Supplied data:
┌──
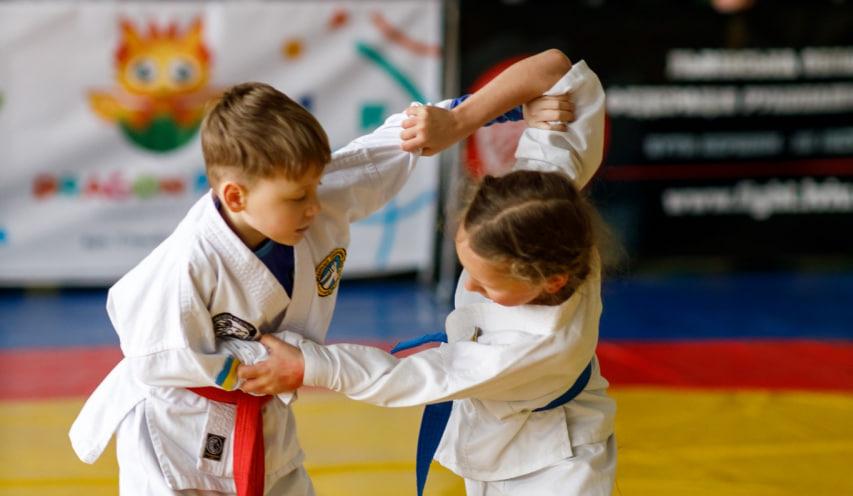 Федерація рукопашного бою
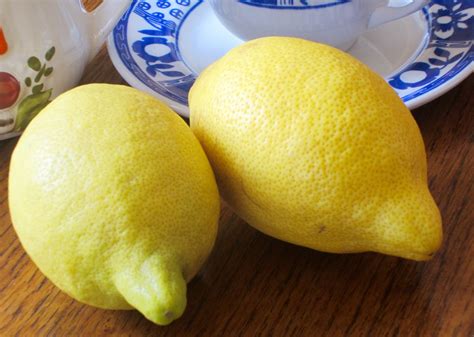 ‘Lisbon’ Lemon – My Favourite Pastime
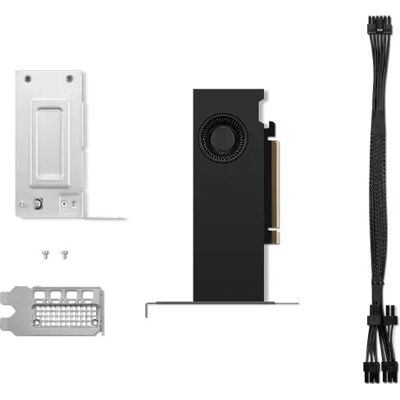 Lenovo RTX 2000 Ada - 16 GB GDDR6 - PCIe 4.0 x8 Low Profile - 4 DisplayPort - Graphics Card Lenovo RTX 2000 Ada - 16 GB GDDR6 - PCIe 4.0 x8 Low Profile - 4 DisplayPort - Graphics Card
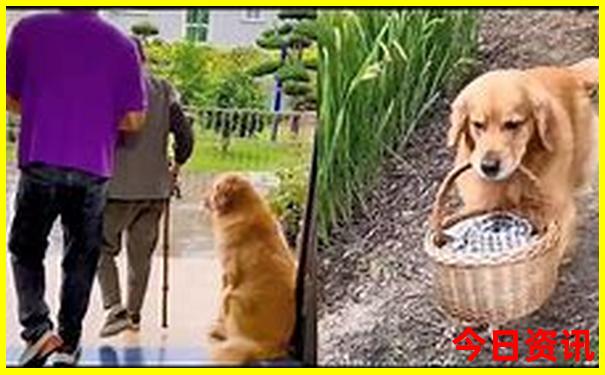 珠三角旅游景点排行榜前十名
└──
Assigned task:
Produce an exact copy of every line above, with the images left out.

Task solution:
 Федерація рукопашного бою
 ‘Lisbon’ Lemon – My Favourite Pastime
 Lenovo RTX 2000 Ada - 16 GB GDDR6 - PCIe 4.0 x8 Low Profile - 4 DisplayPort - Graphics Card Lenovo RTX 2000 Ada - 16 GB GDDR6 - PCIe 4.0 x8 Low Profile - 4 DisplayPort - Graphics Card
 珠三角旅游景点排行榜前十名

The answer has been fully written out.